China pursues the new path of win-win cooperation for common development and shall never adopt the old mindset of a zero-sum game. China has been committed to developing relations with other countries on the basis of mutual respect, equality, mutual benefit, mutual learning and common development. We stand ready to share without reservation our development experience, opportunities and achievements with Africa.

China's policy toward Africa has a clear goal and is action-oriented. The only purpose is to support African countries in improving their capacity for self-sustainable development, breaking the development bottlenecks of inadequate infrastructure, lack of professional and skilled personnel and shortage of financial resources, so as to achieve win-win cooperation for common development.

China's Policy toward Africa is open and transparent. The political declarations and action plans for every three years, adopted after consultation at each conference of the Forum on China-Africa Cooperation, are all open to the public through media and serve as the common guidelines and measures of China-Africa cooperation.

Africa has been eager to pursue its own development and international cooperation, but there is never a lack of catchy strategic slogans from major powers.
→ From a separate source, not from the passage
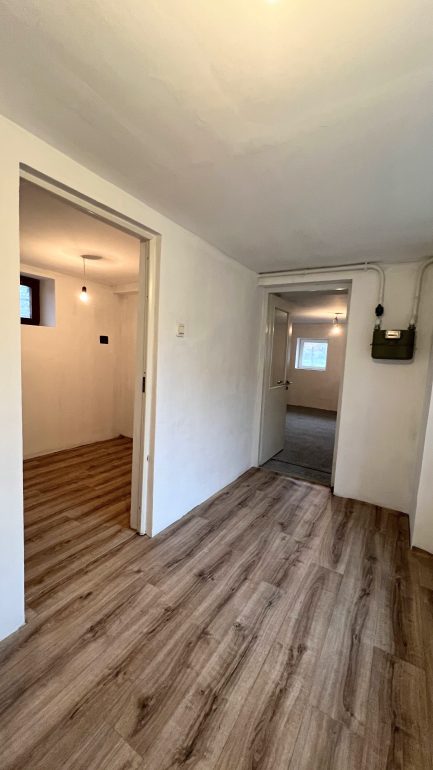 A Heves vármegyei Szihalmon 2,5 szobás, belsőfelújított családi ház eladó. - Image 4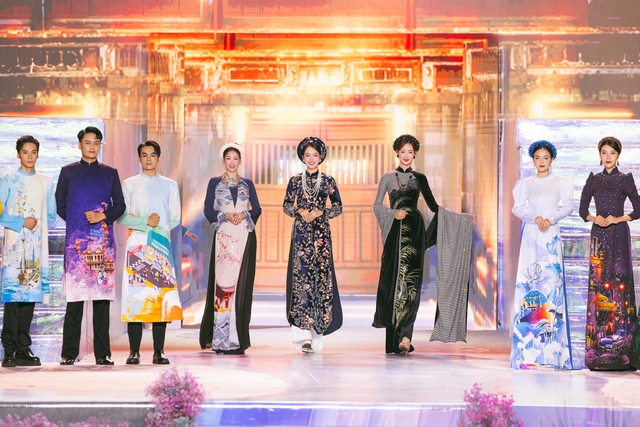 Đạo diễn Hoàng Nhật Nam thay áo mới cho Lễ hội Áo dài TPHCM lần thứ 110: Sân khấu lung linh sắc màu với hàng trăm mẫu thiết kế mới, dàn Hoa - Á hậu Sen Vàng hội tụ Đạo diễn Hoàng Nhật Nam thay áo mới cho Lễ hội Áo dài TPHCM lần thứ 110: Sân khấu lung linh sắc màu với hàng trăm mẫu thiết kế mới, dàn Hoa - Á hậu Sen Vàng hội tụ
Africa needs concrete measures and actions of mutually beneficial international cooperation instead of empty promises. Africa requires equality and mutual respect instead of preaching by lectures. Africa wants capacity building for self-sustainable development instead of simple export of raw materials. Africa welcomes win-win cooperation for common development instead of "one gain, one loss." Whoever helps Africa break the three development bottlenecks is Africa's true friend and reliable partner.

China is willing to vigorously carry out multilateral cooperation for multi-win and win-win outcomes among China, Africa and other countries on the basis of fully respecting Africa's wishes, so as to bring the marginalized Africa back to the main track of development, help Africa achieve lasting peace, self-sustainable development, and make new contributions to building a community with a shared future for mankind.